Has anyone considered expanding the range of terms $a$ and $b$ for each $c$?

I have generated triples $(a, b, c)$ that form integer triangles including the degenerate case of $a + b = c$ such that $a \le b \le c$, all terms are pairwise coprime and $a + b \ge c$. I have tested the Quality $q$ (see Wikipedia for definition: https://en.wikipedia.org/wiki/Abc_conjecture) of all these triples (~ 1.5M) for $c$ up to 400 and found that $q < 2$.

I conjecture that all such triples extend the terms of the ABC conjecture. Has anyone got the computing power to test if true for $c \ge 1000$?

(Added as a post script following counter example comment) - The set of integer triangles can be reduced to just obtuse (C angle) triangles by setting a further constraint that $a^2+b^2 \le c^2$. However this is still not sufficient to exclude the family of counter examples commented by @Gerry Myerson ($c = 2^x \cdot 3^y \cdot 5^z$ for some x, y, z).
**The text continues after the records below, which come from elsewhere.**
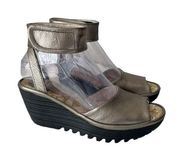 Fly London yula wedge sandals 36 pewter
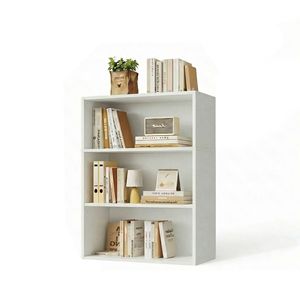 Librero Alto de 3 Niveles, 40 Pulgadas, Estantería Abierta para Almacenamiento en el Hogar, Oficina, Sala de Estar, Dormitorio - Blanco - Product Image 1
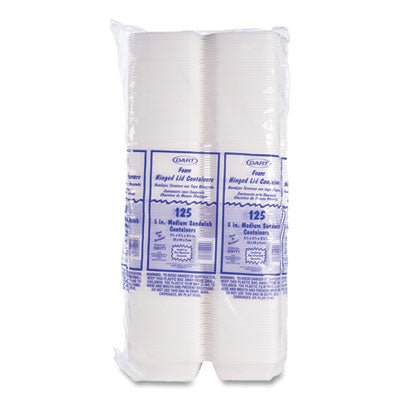 Dart Hinged Lid Styrofoam Container, 5.38" x 5.5" x 2.88", White, 125ct. - 4/CS (50HT1)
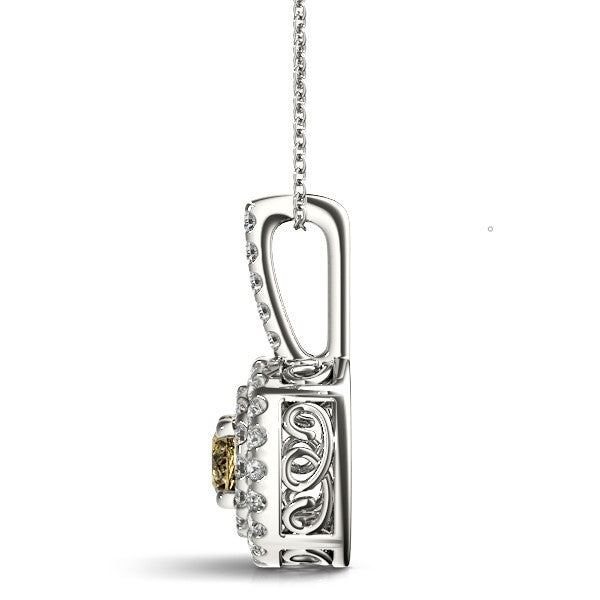 Platinum Round Diamond Halo Pendant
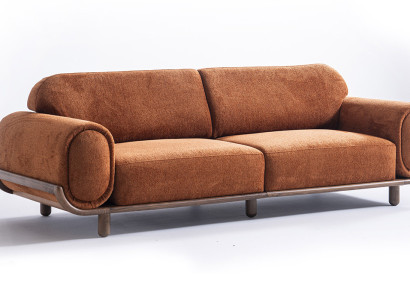 Moderner Oranger Dreisitzer Luxuriöses Designsofa Polstercouchen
Only by setting the further constraint to $a^u+b^u \le c^u$, where $u=1+\frac{1}{\log{(a*b*c)}}$ is there a chance of satisfying the ABC conjecture with additional terms $a$ and $b$ other than $a+b = c$.
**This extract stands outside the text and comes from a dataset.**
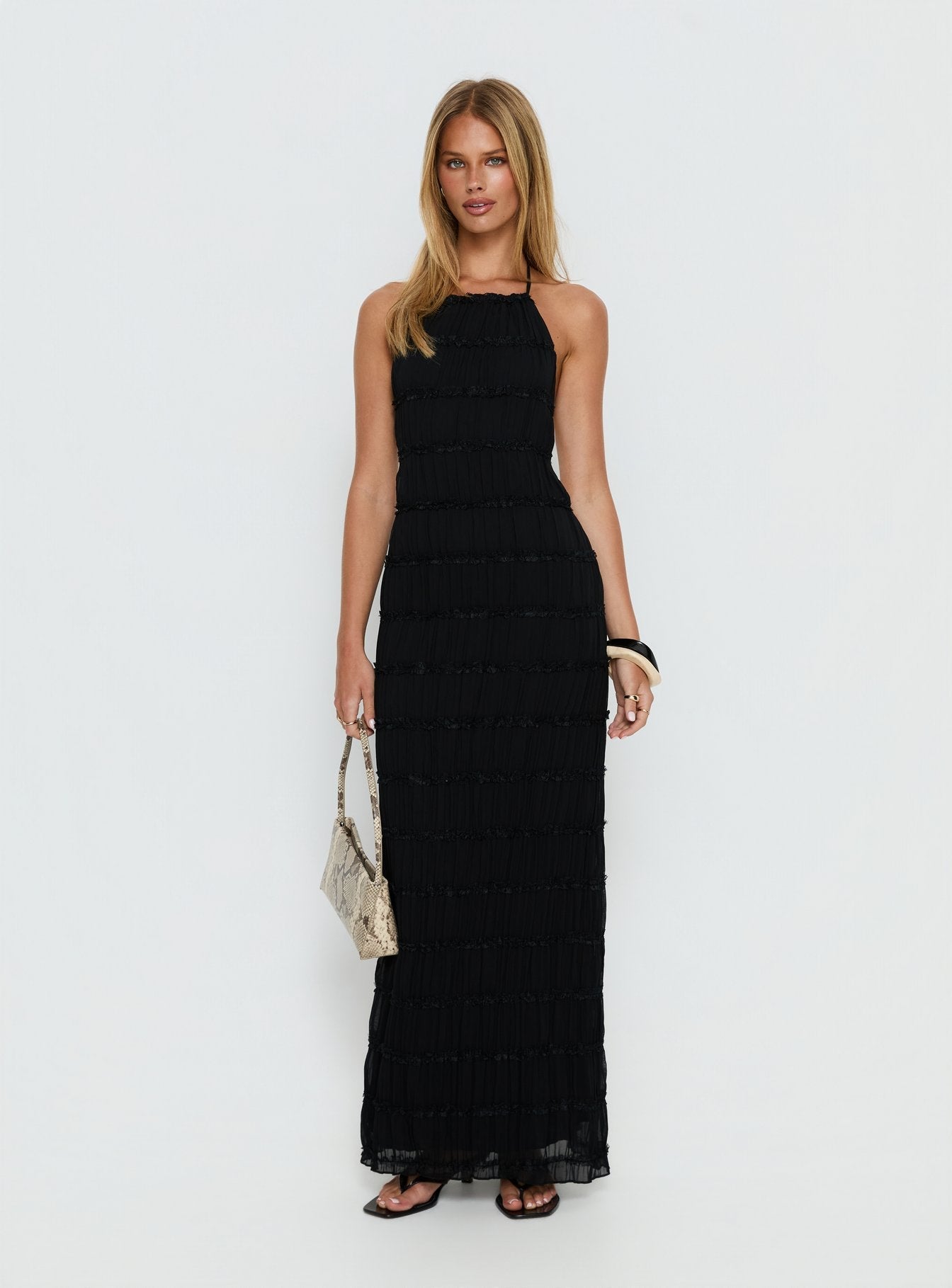 Klarissa Siyah Halter Yaka Maxi Elbise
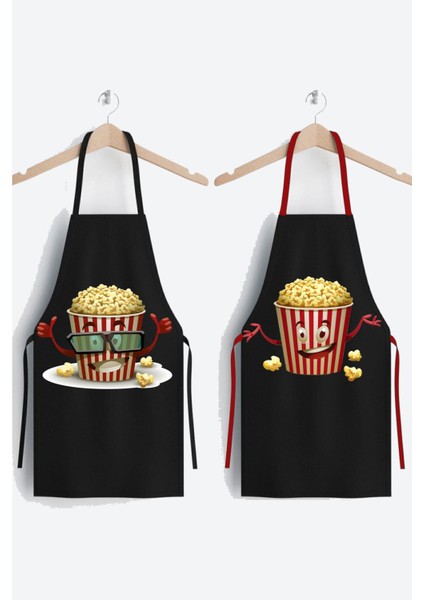 2'li Pop Corn Desenli Siyah Mutfak Önlüğü Seti, Şık ve Kullanışlı Mutfak Aksesuarı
For $c$ up to 200 the additional integer triangles with the further constraint above that satisfy $1<q(a,b,c)<2$ (where $q$ is the Quality function) are the triples

(49, 81, 125), (9, 121, 128), (49, 81, 128)

compared to

(1, 8, 9), (5, 27, 32), (1, 48, 49), (1, 63, 64), (32, 49, 81), (1, 80, 81), (4, 121, 125), (3, 125, 128)

where $a+b=c$.

Can anyone find counter examples to the above with this further constraint?